Judul Buku: Tembang Ilalang
Penulis: MD. Aminudin
Jumlah Halaman: 512
Penerbit: Semesta (kelompok Pro-U Media)
Tahun Terbit: 2008
Harga: Rp. 52.500
Ukuran buku: 14 x 21 cm
ISBN 978-979-25-7414-2

Jika mendengar kata komunis, apa yang terlintas pertama kali dalam benak kita? Ya. Jawabannya: paham komunis. Ada juga yang menjawab PKI (Partai Komunis Indonesia), Stalin, dan jawaban-jawaban lain terkait komunis. Tentu masih segar dalam ingatan masyarakat Indonesia, khususnya teman-teman yang membaca tulisan saya, mengenai komunisme di Indonesia pada era 60-an. Saat itu dikenal dengan gerakan september 30 (Gestapu). Mengenai akibat kelompok berbendera palu arit itu terhadap buruh-buruh utamanya tani. Masih segar ingatan akan kekejian yang dipertontonkan.
Namun, kali ini, melalui buku ini, komunis tidak dijabarkan dengan kebengisan semisal Gesapu. Buku ini juga tidak menceritakan penguasa-penguasa orde lama saat mengatasi komunis di Indonesia.

Sampul buku dengan dominasi hijau dan emboss pada judulnya menguatkan kata ilalang. Ditambah lagi dengan gambar keadaan tahun penjajahan Belanda yang ‘damai’. Namun, ada keunikan novel ini. Jika melihat ke sampul belakang, akan tampak sampul dengan tulisan yang terbalik dibanding cover depan. Hal ini bukan karena kesalahan cetak pada buku yang saya miliki. Tapi memang itulah desain dari penerbit untuk memudahkan pembagian cerita, sepertinya. Juga sebagai daya tarik serta menegaskan akan keunikan dan ‘tampil beda’ dari penerbit. Di sampul depan ini, akan didapati endorsment dari bebrapa sastrawan terkenal.

Pada sampul belakang, kita akan disuguhi pemandangan yang nyaris sama dengan sampul depan. Tulisan emboss judul buku dengan warna sampul dominasi merah. Gambar yang terpampang menunjukkan masa setelah penjajahan Belanda, sesuai dengan isi bagian kedua buku ini.

Adalah Asroel, sebuah nama seorang lelaki yang menjadi pemeran utama dalam kisah Tembang Ilalang. Asrul diterima di rumah Kjai Makoen dan akhirnya menikah dengan putri Kjai makoen, Roekmini.

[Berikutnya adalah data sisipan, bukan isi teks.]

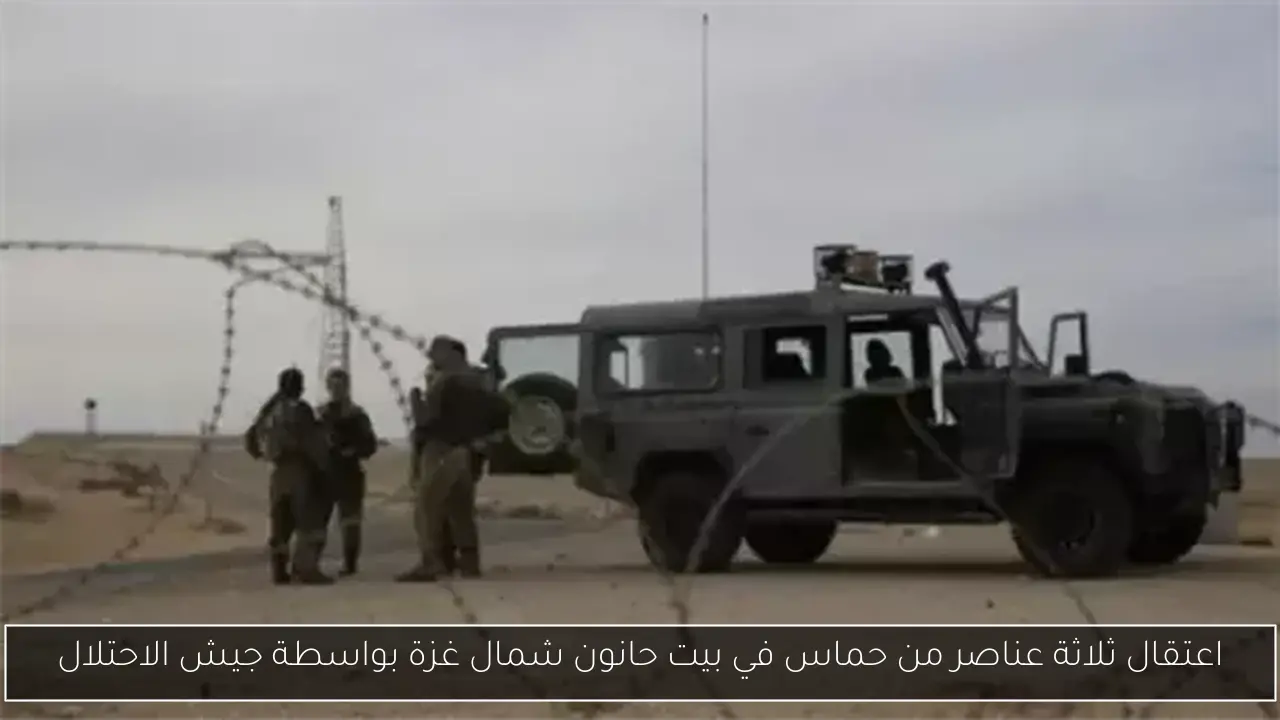 اعتقال ثلاثة عناصر من حماس في بيت حانون شمال غزة بواسطة جيش الاحتلال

Pernikahan keduanya dalam keadaan damai hingga pada suatu hari sebuah kasus kriminal melibatkan Asroel sehingga Asroel harus meninggalkan desa dan keluarganya. Kepergiannya bersama Siswohadi, pemuda desa tersebut yang juga adalah salah satu pemuda Syarikat Islam.

Petualangan mereka terjadi di perkebunan kopi yang terletk melingkari Pegunungan Keloed. Di perkebunan kopi itu Asroel dan siswohadi bekerja sebagai buruh sekaligus mengajarkan baca, tulis, dan ajaran Islam—ajaran yang hanya sebagai identitas agama bagi sebagian buruh—untuk mencerahkan buruh di perkebunan tersebut.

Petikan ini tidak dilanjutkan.